Maria Júlia ficou inquieta, estava muito nervosa, e não conseguia se acalmar, demorou muito tempo até que o marido entrasse pela porta do quarto.

Ele estava com o olhar enfurecido, escuro! A olhava furioso, e ela teve medo! Ela sentou na beira da cama, segurou com força o cobre leito que estava esticado na cama, e mal conseguia respirar.

— Porque desobedeceu e cruzou a linha que eu estipulei? — Perguntou com voz severa, e ela percebeu que ele havia bebido, o cheiro que sentiu foi forte, e a sua voz estava diferente também.

— Eu... eu ouvi gritos e...

— Eu já não expliquei o que acontece lá? Não falei para ficar longe? Qual o seu problema, Maria Júlia? Marco Polo cuida de lá, e ele não presta, você não lembra, mas eu lembro! — Falou furioso, e ela sentiu dor, quando ele segurou os seus braços com força.

— Eu já descobri algumas coisas! Era ele, Felipe... O MP era ele! Por que não me contou que me tirou dele, e não de um convento? Mentiu pra mim? — Perguntou ela confusa.

— Me diga o que lembrou! Anda, me diga! — Ele sacudia os braços dela, e certamente ficariam marcas depois.

— Ele me falou algumas coisas, eu associei com os pesadelos, e olhando ele de perto, eu confirmei... Era ele, Felipe! Era ele! Desgraçado, o que tanto ele fazia comigo? Porque não me lembro? Droga! Você precisa me explicar, estou ficando maluca com essas dúvidas! — Maria Júlia se desvencilhou do marido, e levantou enfurecida, cansada de tantas confusões e mentiras.

— Eu não vou contar nada! Cazzo! Isso iria confundir a sua cabeça!
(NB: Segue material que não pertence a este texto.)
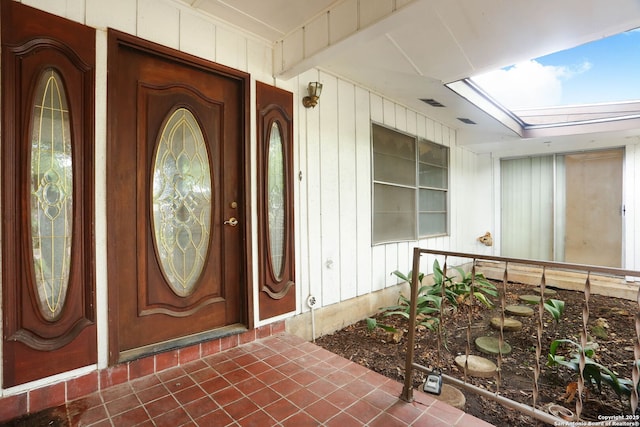 view of exterior entry with a porch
Só que agora não poderá mais sair dessa casa, ficará aqui dentro! Não vou correr o risco de Marco Polo te encontrar em algum corredor! Hoje você teve sorte, de o segurança que contratei ser de confiança, mas não vou mais correr esse risco! Entendeu? — Foi falando de maneira rude com ela, a fazendo ficar a cada minuto mais nervosa.

— Eu não vou mais lá, não precisa me privar de sair, aqui dentro é um tédio! E, outra... precisamos denunciar esse nojento, asqueroso... não sabe a raiva que estou sentindo dele! — Ela falou angustiada, agora lembrando melhor das imagens dos pesadelos, e teve náuseas.

— Eu farei isso! Não se preocupe! — Ele falou, e saiu encostando a porta.